Carlo Bertini, La Stampa 30/12/2013, 30 dicembre 2013
MARIO TRONTI E GLI AUGURI “BORGHESI” DI BUON ANNO
Che il filosofo Mario Tronti, classe 1931, senatore Pd dell’era bersaniana, sia il padre dell’operaismo degli anni ’60, è cosa nota. Che Tronti sia pure lo zio di Renato Zero invece sono in pochi a saperlo. Ma al di là di questa curiosa parentela, per sapere di che pasta è anche fatto l’amalgama del Pd, val la pena conoscere la singolare formula d’auguri che questo storico ex comunista ha inviato agli amici del Centro Studi per la riforma dello Stato che presiede, alcuni dei quali sono pure suoi colleghi parlamentari. Un messaggio di cui val la pena citare alcuni passi, perché restituisce la foto di famiglia del partito Democratico in tutte le sue sfaccettature, compresa quelle di una sinistra di lungo corso e magari un po’ d’antan, che forma un bel contrasto se mischiata alla generazione 2.0 salita al potere.
«Cari amici, care amiche, compagne e compagni, come avrete notato anche negli anni precedenti, vi dico solo buon Natale, non anche buone feste, tanto meno felice anno nuovo. Considero queste due ultime espressioni, auguri borghesi. Il Natale, invece, il mistero del Dio incarnato, che rovesciò il mondo degli uomini, dal sotto al sopra e una volta per sempre, ci appartiene. Non è necessario credere, per appartenere all’Avvento», scrive ancora Tronti. Che formula «un invito al silenzio», citando un testo del frate cappuccino svizzero, docente all’Università di Friburgo, Giovanni Pozzi. Con la premessa che «ci aspettano nuovi fronti di battaglia, dura, tutta contro vento.
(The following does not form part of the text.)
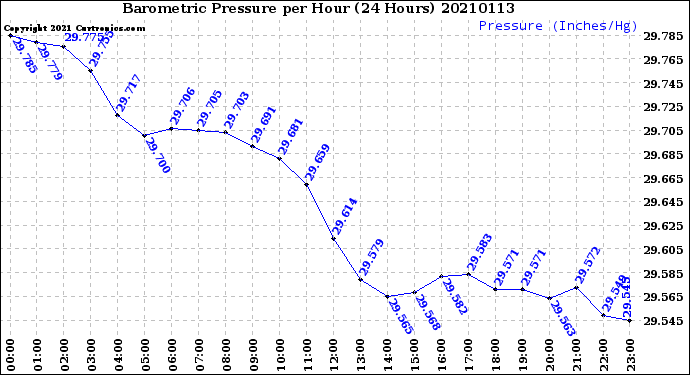 Milwaukee Weather Barometric Pressure<br>per Hour<br>(24 Hours)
Prima di riprendere la critica del presente, l’arma del silenzio contro la dittatura della chiacchiera, dà sicurezza e forza».
Ed ecco qualche estratto dal Pozzi: «...Ci sono tre categorie di silenzio, collegate alla parola: di chi la formula, di chi l’ascolta, di chi la conserva. Bisogna trovare entro la solitudine gli spazi dove coltivare questi silenzi, scoprire come possano vivere con un interlocutore che parli tacendo»....«Del silenzio, il libro, deposito della memoria, antidoto al caos dell’oblio, dove la parola giace, ma insonne, pronta a farsi incontro con passo silenzioso a chi la sollecita. Amico discretissimo, il libro non è petulante, risponde solo se richiesto, non urge oltre quando gli si chiede una sosta. Colmo di parole, tace...».